Uniper and its consortium partners, VNG Gasspeicher GmbH (VGS), ONTRAS Gastransport GmbH, DBI Freiberg and Terrawatt Planungsgesellschaft mbH, have announced that they are seeking to build an electrolysis plant for production of green hydrogen, with capacity up to 35 MW, in the central German chemical triangle.

The consortium says it intends to explore the production, transportation, storage and efficient use of green hydrogen at Energiepark Bad Lauchstädt in southern Saxony-Anhalt. German Minister for Economic Affairs, Peter Altmaier (CDU), said the project is considered deserving of financial support as a “living laboratory for the energy transition” and that it had reached the final round of the application process. The ministry expects to make a final decision regarding project funding by the end of 2019.

The project would involve converting renewable electricity from a nearby wind farm into green hydrogen using electrolysis. The green hydrogen will be placed in underground interim storage in a salt cavern fitted out especially for this purpose and would be fed into the chemical industry’s hydrogen grid via a re-dedicated gas pipeline and also used for transport applications. The Energiepark Bad Lauchstädt would then serve as a site where “every aspect of the intelligent and economically efficient integration of green hydrogen” could be tested under real world conditions and at an industrial scale.

The planned underground salt cavern would be capable of storing up to 59 million m3 of hydrogen – an amount equivalent to approximately 150 million kWh of energy, or roughly the annual demand for household heating in a city of 20 000 residents. It would be the first hydrogen cavern in continental Europe and the first such facility in the world for storing green hydrogen, or hydrogen generated from renewable electricity.

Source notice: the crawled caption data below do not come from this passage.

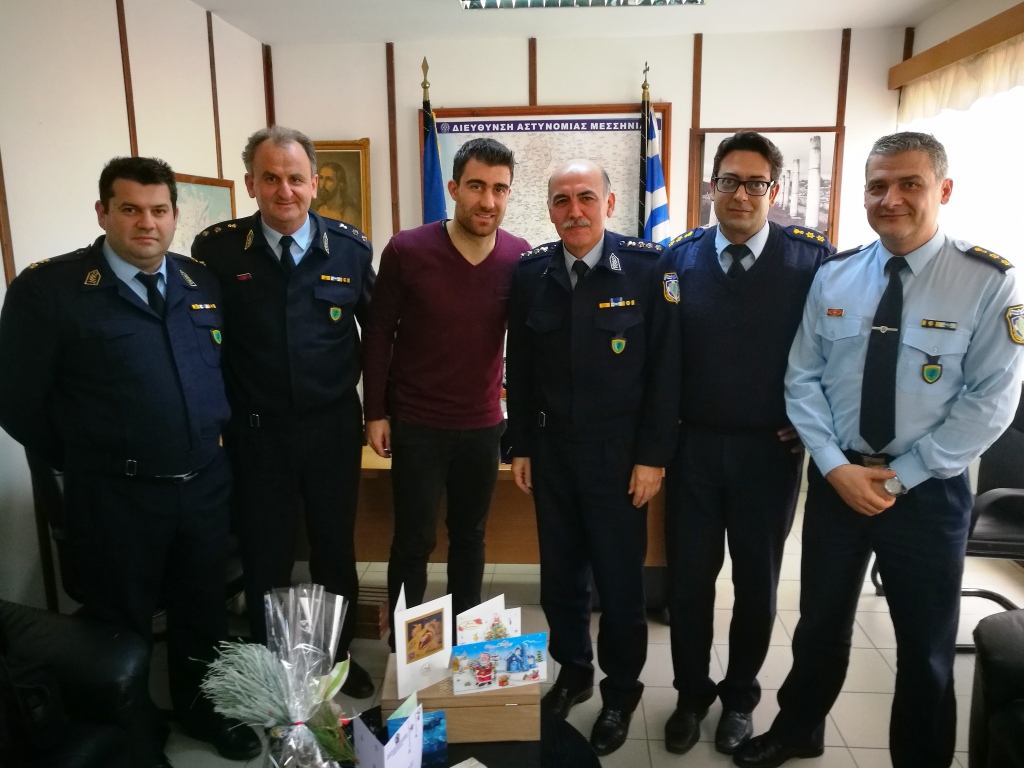 Σωκράτης Παπασταθόπουλος : Δώρισε 25 αλεξίσφαιρα γιλέκα στις αστυνομικές αρχές της Μεσσηνίας (pics)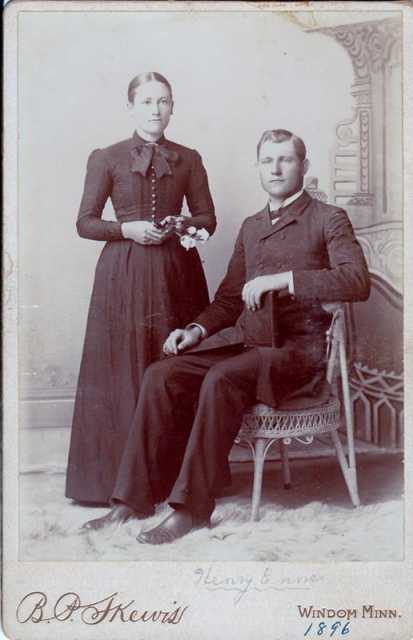 Black and white photograph of Heinrich Enns and Maria Ewert Enns, 1896.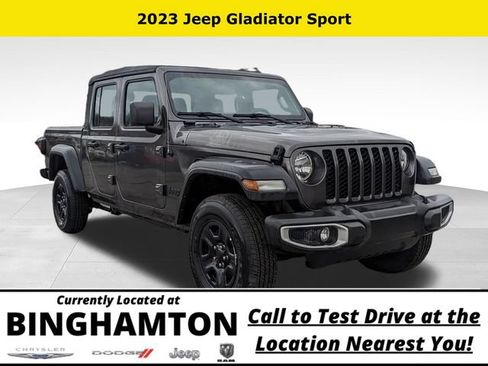 Used 2023 Jeep Gladiator Sport AWD/4WD image 1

Eckhardt Rümmler, chief operating officer at Uniper, commented: “The energy transition will only succeed if we are able to store renewable energy, and in so doing make it reliable. Up to now no persuasive economic solution has been available. Our project addresses exactly this issue: we combine the production of green hydrogen from wind power together with the transportation as well as the storage and use of hydrogen for commercial purposes. If it proves successful on a large scale, we’ve found a core component for a secure and sustainable supply of energy. For many currently operating wind power generators that will soon see direct marketing and EEG [renewable energy] subsidies run out, this facility offers new prospects that are both attractive and sustainable.”

A detailed funding request has been filed as part of the final stage of the selection process. The concept of “living laboratories for the energy transition” was established as a new funding element in the German federal government’s 7th energy research programme aimed at facilitating the transfer of technology and innovation from research to everyday use. Between 2019 and 2022, subsidies totalling up to 100 million euros per year will be awarded. An additional 200 million euros will be made available to living laboratories in regions undergoing structural transformation, such as Bad Lauchstädt.

Along with the Energiepark Bad Lauchstädt living lab, a second project that Uniper is involved with was also shortlisted. The “North German living laboratory” will examine a range of “sector coupling” concepts focused around hydrogen and test them in the Hamburg, Schleswig-Holstein, and Mecklenburg-Western Pomerania regions.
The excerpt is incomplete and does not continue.